• Amphipolis tomb mystery deepens | Daily Mail Online
    http://www.dailymail.co.uk/sciencetech/article-2986097/Amphipolis-tomb-mystery-deepens-Burial-chamber-T-belong-Alexander-Great

    The gripping excavation of an ancient tomb in Greece, which has yielded five skeletons, is not all it seems, a geologist claims.

    Evangelos Kambouroglou has poured cold water on the theory that the Amphipolis tomb holds the remains of Alexander the Great, saying the simple burial chamber where skeletons have been found was built later than a series of vaulted rooms dated to the time of the warrior king.

    He said the burial mound is a natural hill and not man-made as previously presumed – and couldn’t have held the weight of a decorative lion linked to Alexander the Great.
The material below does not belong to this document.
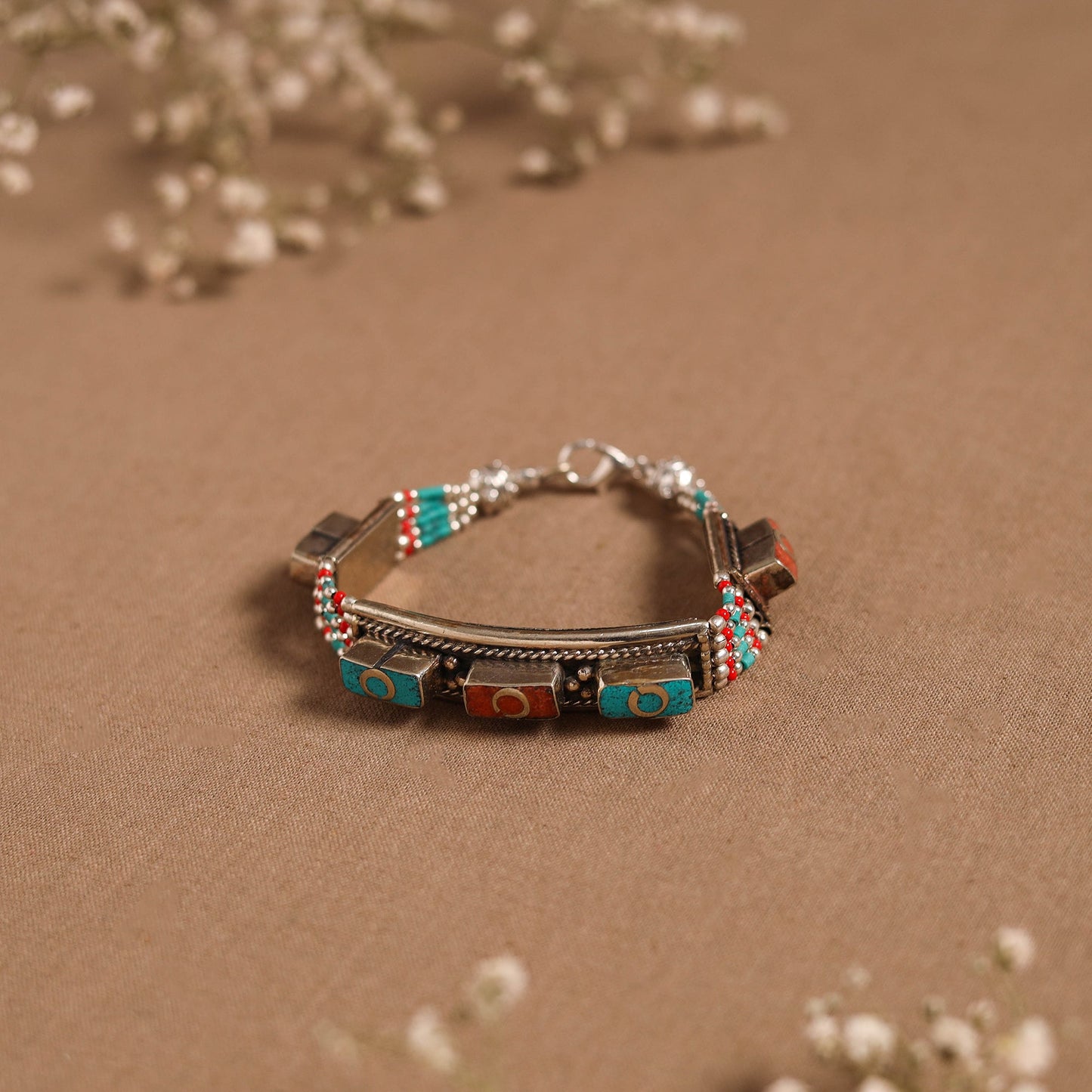 Blue - ethnic tribal tibetan metal bracelet from himalaya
    Mr Kambouroglou said a huge 4th century BC sculpture of a lion on a pedestal, which is more than 25 feet (eight metres) tall, was too heavy to have stood at the top of the tomb, as archaeologists had previously claimed.
    ‘The walls [of the tomb structure] can barely withstand half a tonne, not 1,500 tonnes that the Lion sculpture is estimated to weigh,’ Mr Kambouroglou said.
    The famed ‘Lion of Amphipolis’ was presumed to have stood at the top of the tumulus at Kasta Hill - the peak of burial mound in northern Greece.

    It was found decades ago in the nearby Strymon River and is now thought to have belonged to another ancient monument from the time of the warrior king, of which the lion was a symbol.
    As for the box-like tomb that contained the remnants of five bodies, possibly more, ‘it is posterior to the main burial monument ... the main tomb has been destroyed by looters, who left nothing,’ he added.
    ‘The marble doors [of the monument] contain signs of heavy use, which means many visitors came and went.’